Impresa sociale

“Orto da asporto”, l’impresa ibrida che condivide il valore prodotto

Il progetto della cooperativa sociale Esserci di Torino coniuga innovazione sociale e innovazione digitale. Come? Grazie a un e-bancone. Ecco come funziona

di Redazione

L’innovazione è anche, e volte soprattutto, narrativa. Attraverso le sue realizzazioni in termini di prodotti e servizi, luoghi dove si genera, attività e risorse che la supportano, organizzazioni e community che l’adottano si alimenta un “discorso” che costantemente riprodotto e diffuso diventa una visione del mondo o, con un termine che sa molto di novecento, un’ideologia. Il digitale, da questo punto di vista, ha ormai da tempo monopolizzato la narrativa dell’innovazione tanto che in un libro di qualche tempo fa veniva definito come “l’ultima ideologia”. Anche il campo sociale non è immune da questa tendenza espansiva.

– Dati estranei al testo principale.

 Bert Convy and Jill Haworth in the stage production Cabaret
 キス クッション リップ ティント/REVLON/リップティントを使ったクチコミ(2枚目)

Espressioni come “social tech” rimandano infatti, quasi come un riflesso condizionato, ad applicativi e soluzioni ma anche ad approcci di startup, incubazione, capitali di rischio e pure impatti che sono facilmente riconducibili alla narrativa digital e al suo armamentario ideologico.

Ogni tanto però lungo il percorso emergono progettualità in apparenza ordinarie ma che in realtà sono divergenti perché contribuiscono a diversificare il quadro dell’innovazione e, auspicabilmente, a mettere in discussione mentalità e visioni dominanti. Ad esempio “Orto da asporto”, un banco da mercato accessibile e inclusivo realizzato dalla cooperativa sociale Esserci di Torino per raggiungere i diversi contesti comunitari dove vende i suoi prodotti di agricoltura sociale. Niente di particolarmente disruptive a prima vista, se non per il fatto che è stato realizzato grazie a un programma di innovazione tecnologica a fini sociali – SocialTech4EU – che a prima vista poteva sembrare il classico terreno di caccia solo per app, piattaforme, marketplace realizzate da startup sostenute da acceleratori e incubatori e finanziate da fondo di venture capital. In realtà non è proprio così perché l’obiettivo dell’iniziativa sostenuta da fondazione Brodolini e Torino social impact è di “sostenere la capacità di innovazione, competitività e sostenibilità degli ecosistemi dell’economia sociale, delle start-up e delle imprese sociali”, ma comunque “con particolare attenzione alle iniziative inerenti all’impiego della tecnologia in contesti sociali”.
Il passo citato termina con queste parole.